Many ask, "What about those who are raped?"
Those who are innocent, and raped (consequences of living in a fallen sin based world), God protects and heals. We serve a great, big God, who protects our soul (mind, will, and emotions), and spirit. God gives us a hope and a future (Jere. 29:11). Yes, good people will suffer bad things. As Satan is temporarily, the god of this world (2 Corinthians 4:4). But our God provides us eternal salvation, and this world will one day be ruled by our loving Savior, Lord, and Friend. Those who willingly commit sin (and crimes such as rape), serve another savior and god (Lucifer - Satan - the Devil). Such persons will one day have to answer to God for their evil deeds. I pray for all those who are grossly, harmed and effected by the sex industry.
How do I survive and thrive as a single Christian?

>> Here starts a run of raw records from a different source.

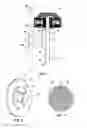 Fig. 02 - BRAKING MEMBER FOR BRAKE SYSTEM AND METHOD FOR MAKING IT
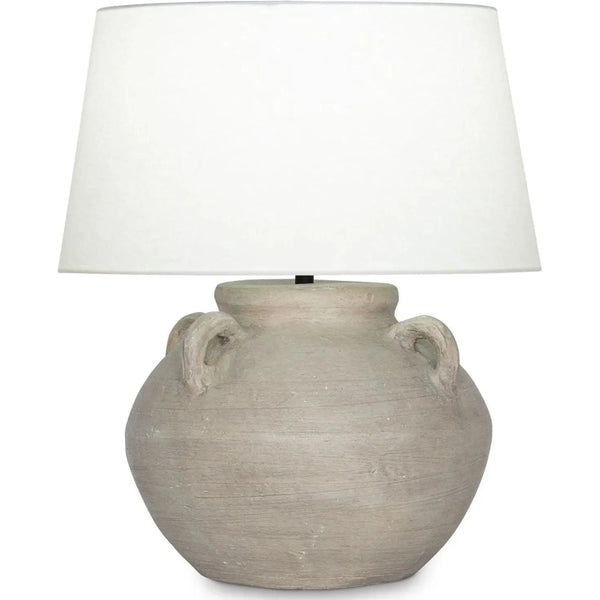 Beale Table Lamp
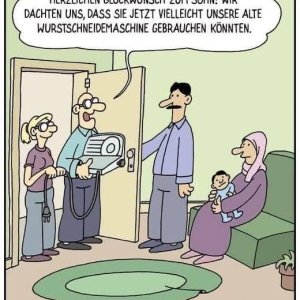 Einsendungsitel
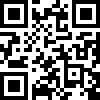 https://mehrnews.com/xwC37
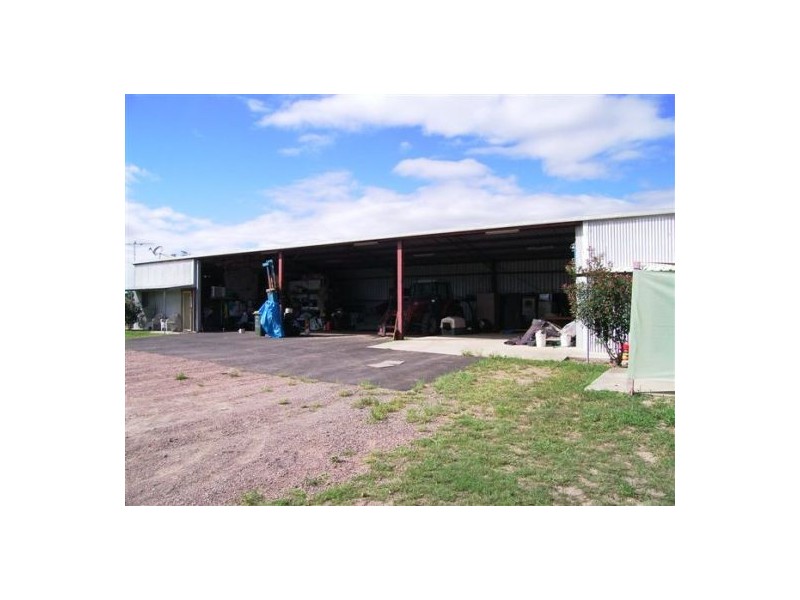 15a Elkin Avenue, Heatherbrae NSW 2324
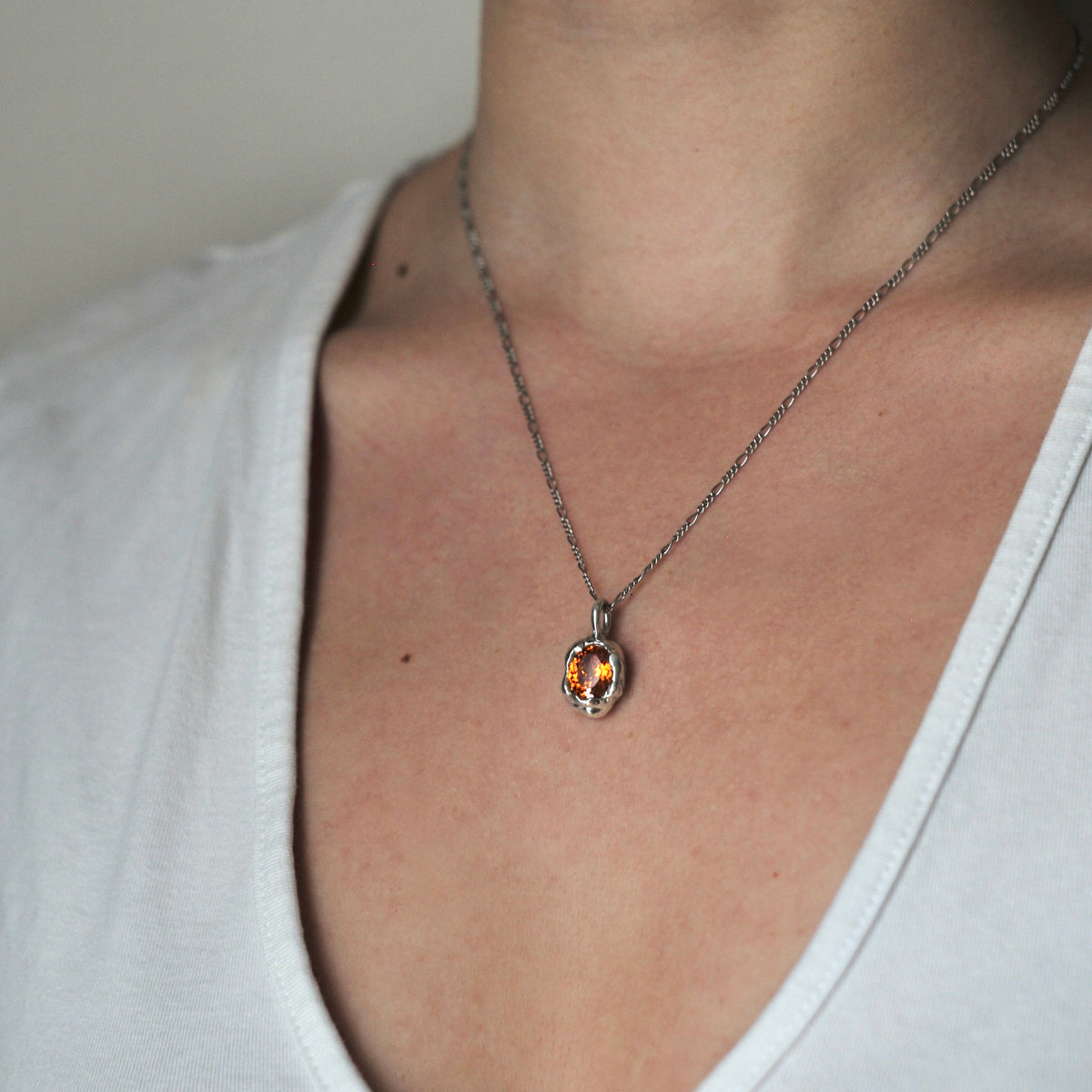 Clementine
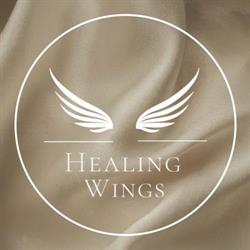 Healing Wings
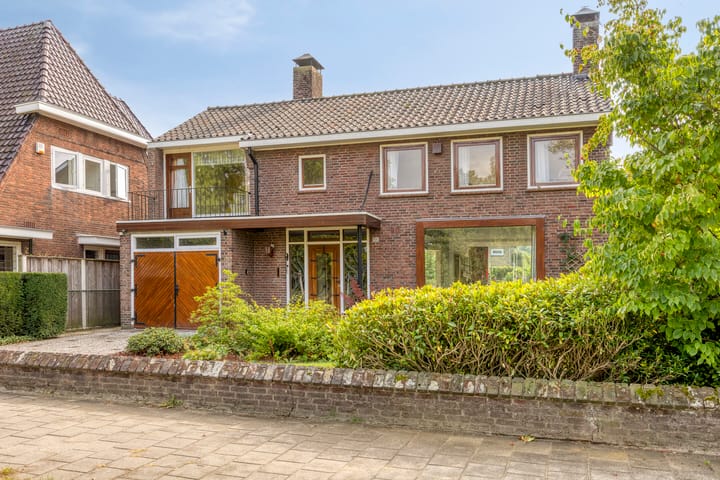 Foto 41 van Hoge Boekelerweg 156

That's an easy question. All Christians survive and thrive by placing God's will above their own. For in Him, we live, breath, and grow spiritually mature. Without Him, we are lost and going astray. There is no difference, whether single, or married. We who are born again serve a living Savior. Living life in the flow of the good, God Life, yields forth His life sustaining living water, and good fruit, which does not wither (Psalm 1:3; Jere. 17:7-8).
God does promise multiplied blessings to those who choose to remain single (Matthew 19:27-30). Please review 1 Corinthians 7, for additional Biblical reference pertaining to Christians who are "single verses married". God blesses the upright!